Urdangarín, ex-jogador Olímpico de andebol, fundou em 2003 o Instituto Nóos, uma fundação desportiva supostamente sem fins lucrativos que afinal celebrou contratos com municípios, cobrou serviços que não realizava e passou facturas falsas, com o agora condenado a usar o seu estatuto na família real para obter estes contratos. Parte do dinheiro desviado foi transferido para uma sociedade detida por Urdangarín e Cristina, a Aizoon, e serviu para pagar gastos do casal – é por isso que a Infanta tem de pagar uma multa de 265 mil euros, a título de responsabilidade civil por benefícios indevidos. 

Este processo coincidiu com o auge da contestação à monarquia. No início de 2014, a popularidade da Zarzuela descia para os 37%, ao mesmo tempo que 83,4% dos espanhóis criticava a gestão que a Casa Real fazia do caso, 70% dos via motivos para acusar a Infanta e 90% considerava que a justiça não é igual para todos. Houve mais episódios, como a caçada luxuosa de Juan Carlos no Bostwana, em plena crise e com o país em risco de pedir um empréstimo internacional. Em Junho de 2014, o rei abdicava a favor do filho para assim salvar a monarquia.

Estado de direito

Ao chegar ao trono, Felipe VI retirou à irmã o título de duquesa de Palma, tendo mantido o afastamento que o pai já lhe tinha imposto perante a sua recusa em distanciar-se do marido. A Infanta também recusou abdicar dos direitos de sucessão. As consequências - para si e para a monarquia - já não podem ser apagadas com a absolvição, “um leve consolo” para uma situação em que "o melhor cenário era mau", escreve o El País.
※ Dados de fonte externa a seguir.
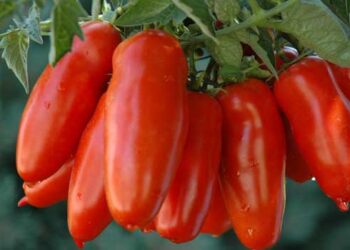 ttip-protezione-in-arrivo-anche-per-il-pomodoro-san-marzano-dop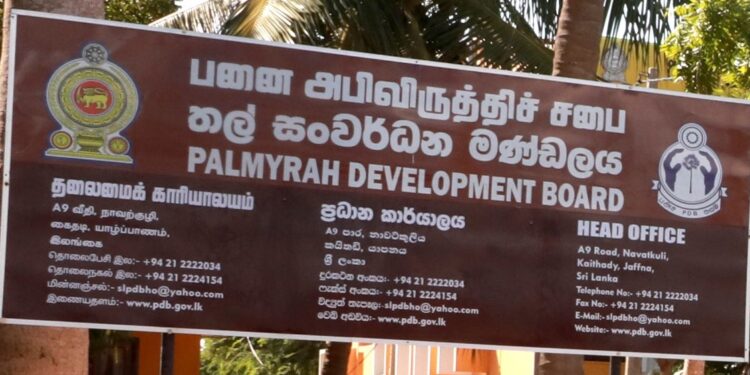 பனைசார் உற்பத்தியில் ஈடுபடும் தொழிலாளிகளை பதிவு செய்யக் கோரிக்கை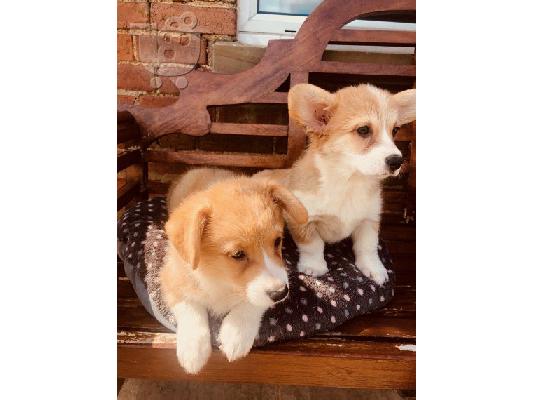 PoulaTo: ουαλλέζικο corgi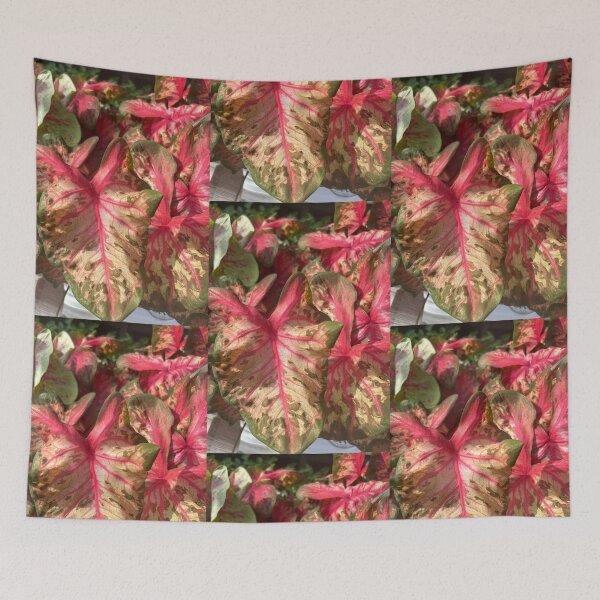 Item preview, Plant  designed and sold by Lauracolleen3.
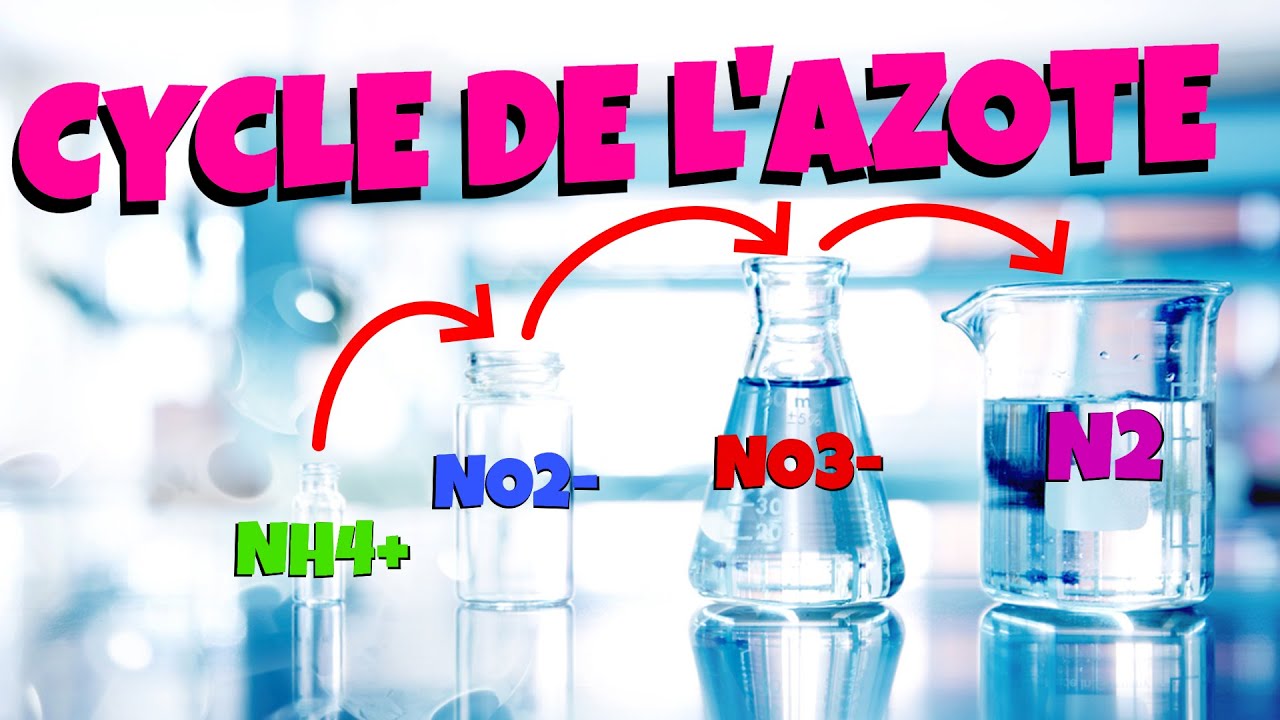Tout savoir sur le CYCLE DE L'AZOTE !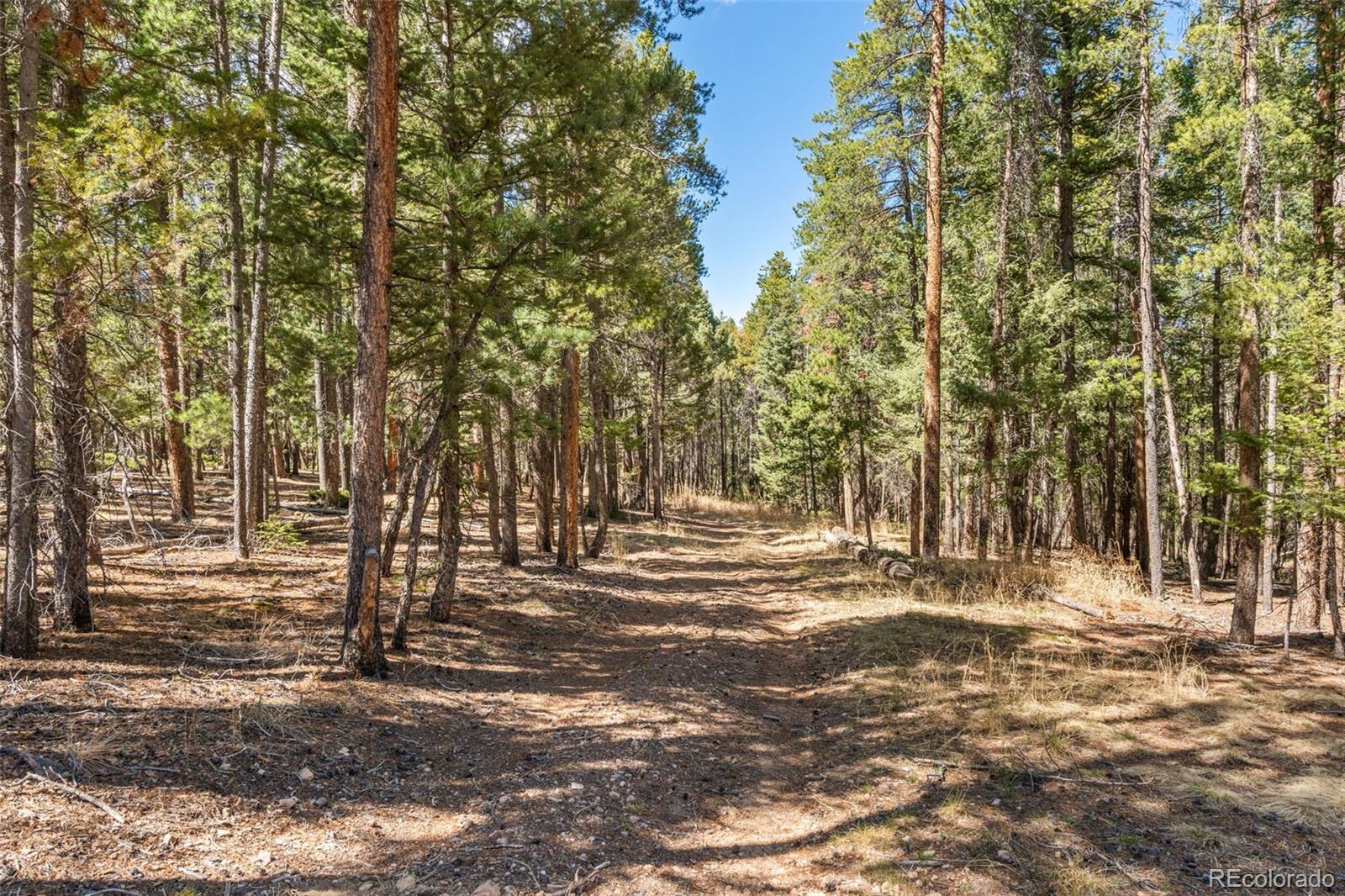 23550 Pleasant Park Road Conifer CO 80433
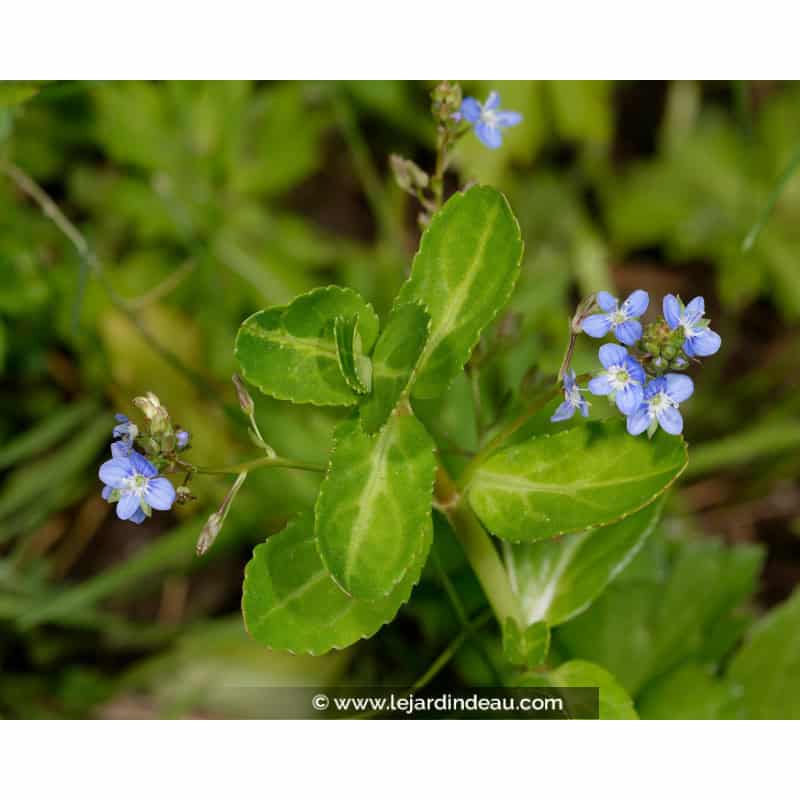 VERONICA beccabunga VERONICA beccabunga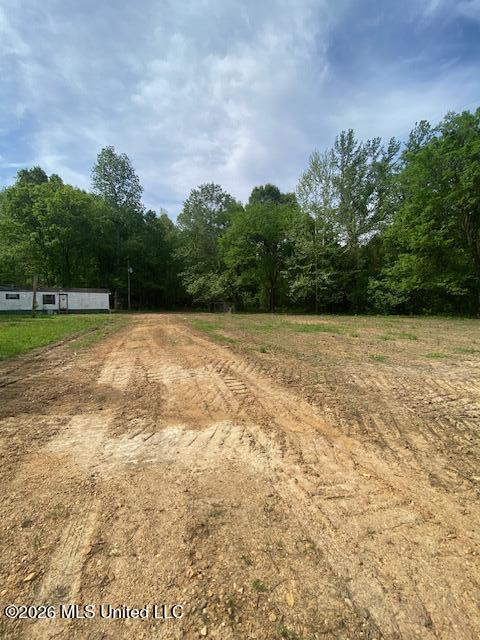 2085 Prichard Road Coldwater, MS 38618 - Photo 2 of 14 IMG_6077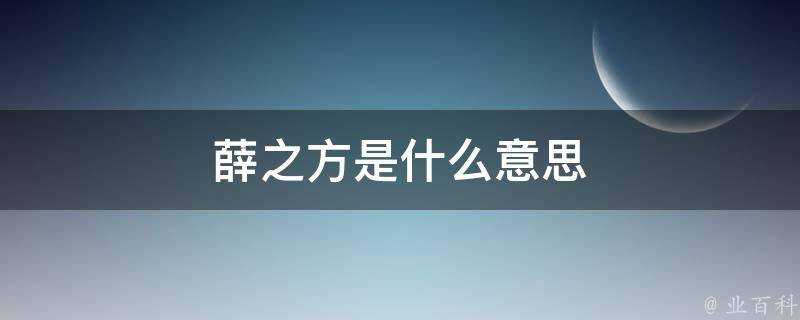 薛之方是什麼意思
Passaram dois anos e meio e os inquéritos de opinião indicam que o novo monarca começou a reconquistar os espanhóis e a recuperar a imagem da instituição a que preside. Uma sondagem de Janeiro da SocioMétrica para o jornal El Español dá 6,4 de nota à monarquia e 7,3 ao próprio rei.

Mais importante, escreve o El País em editorial, é que com as sentenças do caso Nóos “fica demonstrado que o Estado de direito funciona e que ninguém está acima da lei” em Espanha. Isto “face aos que garantiam que ninguém se atreveria a julgar um membro da família real”. Enquanto a sentença era lida nas Baleares, em Madrid, Felipe e a rainha Letizia inauguravam uma exposição no Museu Thyssen-Bornemisza de Madrid, tranquilos e alheios às notícias, e do Palácio assegurava-se apenas "o absoluto respeito pela independência do poder judicial".